Crucial Aspects of Presuppositionalism

Here are three crucial aspects of presuppositionalism I found while reading Bahnsen’s Always Ready.  These are important to think about when engaging a different worldview which opposes Christianity.  (What is presuppositional apologetics?…click here.)

Three Crucial Aspects of Presuppositionalism

1.      Men come to presuppose the truth of God only by the grace of God.

a.      Because it is the truth and grace of God which has transformed us, we must be bold in our challenge to intellectual belief.

b.      Since it is the grace of God (not our own wisdom) which accounts for our change of mind, humility is befitting the Christian scholar; we must have nothing in ourselves of which to boast.

c.       THEREFORE, IT MUST BE HUMBLE BOLDNESS – Not compromise, not obscurantism, not arrogance – which characterizes our scholarship

2.      All men are “without excuse” for rebellion against the Lord, for all men know the living and true God by means of his common revelation.

a.       Despite his contrary profession, even the unbeliever knows what may be known about God from nature and conscience; God has clearly revealed Himself to every man.
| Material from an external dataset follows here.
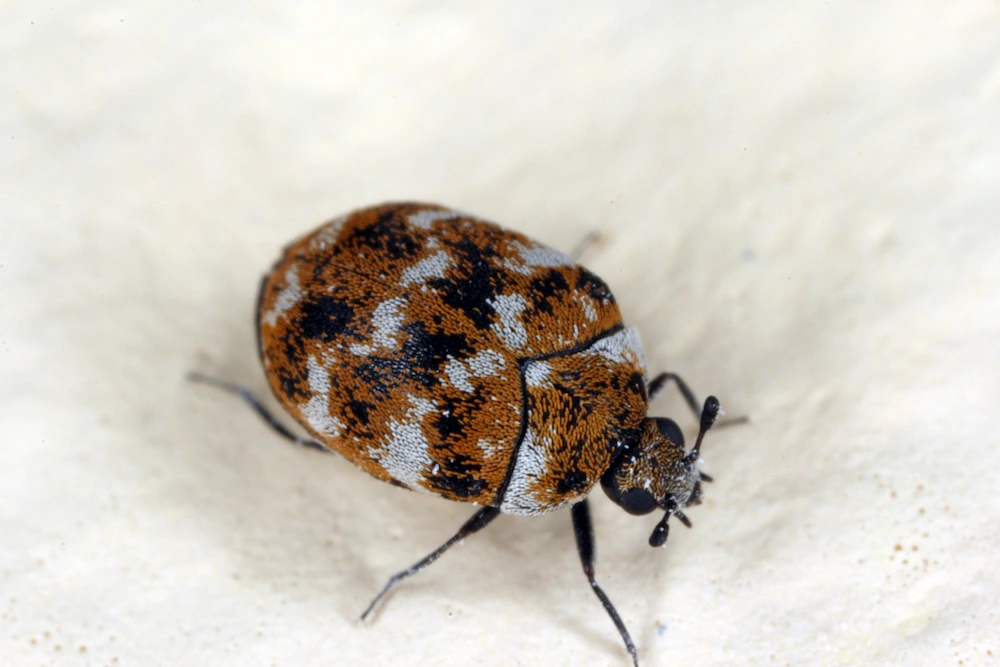 What Causes Carpet Beetles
b.      All men attempt to suppress this knowledge of God, as is manifest in the various, multiform, and profuse schemes of anti-Christian thought and philosophy.

c.       But because the unbeliever cannot rid himself of a knowledge of God, because he continues to use the “borrowed capital” of theistic truths, he is enabled to come to a limited understanding of the truth about the world and himself – despite, not because of, his attempted autonomy.

3.      God has created all things for Himself, directs them to His own sovereign ends, and owns everything – in which case, everything is the created realm must serve Him.

a.      This precludes the possibility of an neutral ground between the believer and unbeliever, but it assures us that there is abundant common ground (metaphysically speaking) between them, since all men are God’s creatures and live in God’s world.

b.      As God’s creature, created in God’s image, and living in an environment which constantly brings the revelation of God to bear upon him, the unbeliever is always accessible to the gospel.  The believer always has a point of contact with the unbeliever: (1) his being the image of God, and (2) the suppressed truth deep inside him.